Выбрать главу

Zitternd kletterte sie von der Matratze. Benommen vor Angst, ging sie durch den Flur zu Max. Nach ein paar Minuten an seiner Seite, als sich alles wieder etwas beruhigt hatte, versuchte sie, den Traum zu deuten. War es eine Vorahnung von Max’ Tod? Oder war es nur die Folge des Gesprächs in der Küche? Nahm Max jetzt die Stelle ihres Bruders ein? Und wenn es so war, wie konnte sie sich dann solcherart ihres eigenen Fleisches und Blutes entledigen? Vielleicht hegte sie tief in ihrem Innern den Wunsch, dass Max sterben möge. Immerhin war der Tod gut genug für ihren Bruder gewesen.
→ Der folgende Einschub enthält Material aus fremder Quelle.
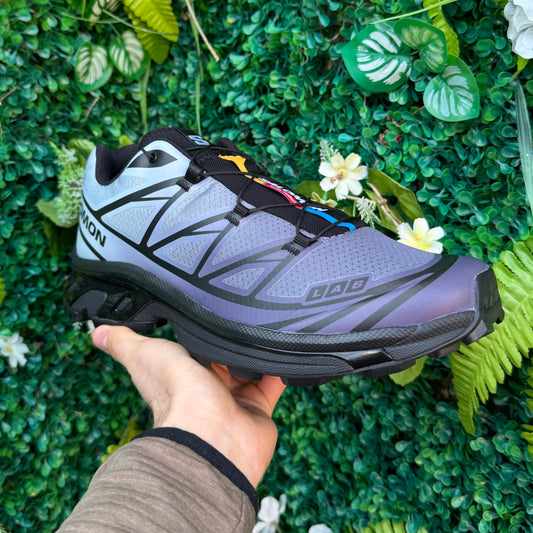 Salomon XT-6 Chromatic - Blue Fog - UK10.5 - Brand New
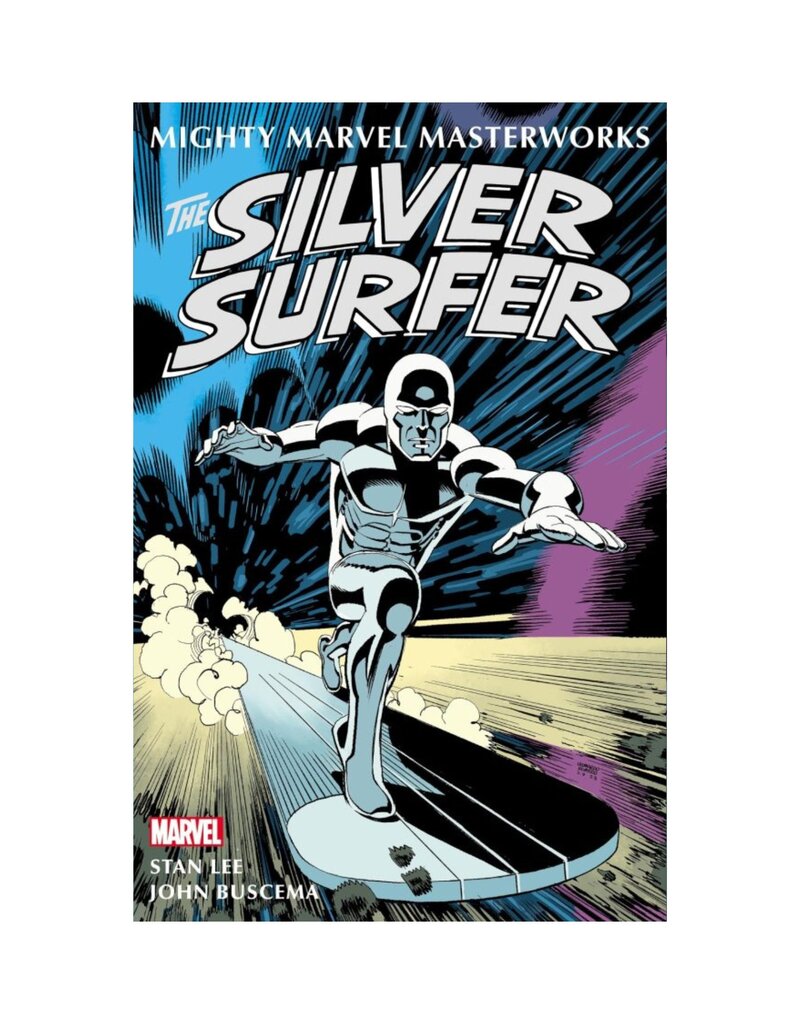 Marvel Mighty Marvel Masterworks: The Silver Surfer Vol. 1 - The Sentinel of the Spaceways TP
Warum also nicht auch für einen Juden?

»Denkst du das wirklich?«, wisperte sie über das Bett gebeugt. »Nein.« Sie konnte es nicht glauben. Ihre Antwort hielt stand, während die Taubheit der Nacht wich und die verschiedenen Formen – groß und klein – auf dem Nachttisch sichtbar wurden. Die Geschenke.

»Wach auf«, sagte sie.

Max wachte nicht auf.

Es dauerte noch weitere acht Tage.

In der Schule knirschten Knöchel an der Tür.

»Herein«, sagte Frau Olendrich.

Die Tür öffnete sich, und ein ganzes Klassenzimmer voller Kinder schaute voller Überraschung auf Rosa Hubermann, die im Türrahmen stand. Einige keuchten bei dem Anblick auf – ein Kleiderschrank von einer Frau mit einem Hohnlächeln aus Lippenstift und ätzenden Augen. Sie. War eine Legende. Sie trug ihre besten Kleider, aber ihre Haare waren gelöst und völlig durcheinander. Und sie sahen tatsächlich aus wie ein Tuch aus elastischen grauen Strähnen.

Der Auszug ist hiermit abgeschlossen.